TASK TO CARRY OUT =
Using the data that follows, return exactly the lines from the one that contains "Professional Espresso Tamper" through the one that contains "NEWERA New Era", ends included.

GIVEN ENTRIES =

# # # # # # #

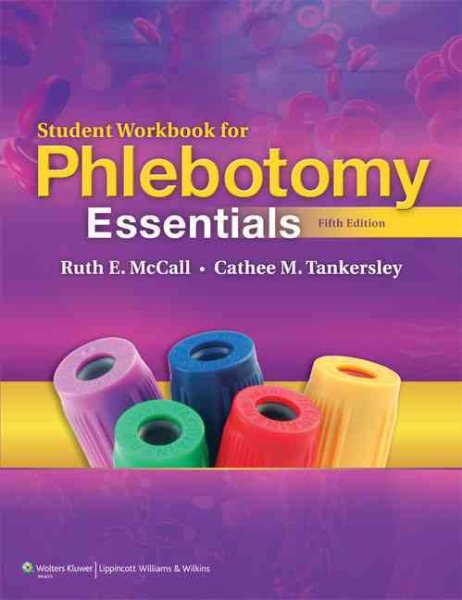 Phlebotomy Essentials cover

# # # # # # #

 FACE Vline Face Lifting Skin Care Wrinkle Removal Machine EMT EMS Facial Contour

# # # # # # #

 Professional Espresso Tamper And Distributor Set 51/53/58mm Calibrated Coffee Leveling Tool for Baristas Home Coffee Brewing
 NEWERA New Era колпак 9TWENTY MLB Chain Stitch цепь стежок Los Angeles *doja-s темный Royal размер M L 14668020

# # # # # # #

PROBLEM SOLUTION =
 Professional Espresso Tamper And Distributor Set 51/53/58mm Calibrated Coffee Leveling Tool for Baristas Home Coffee Brewing
 NEWERA New Era колпак 9TWENTY MLB Chain Stitch цепь стежок Los Angeles *doja-s темный Royal размер M L 14668020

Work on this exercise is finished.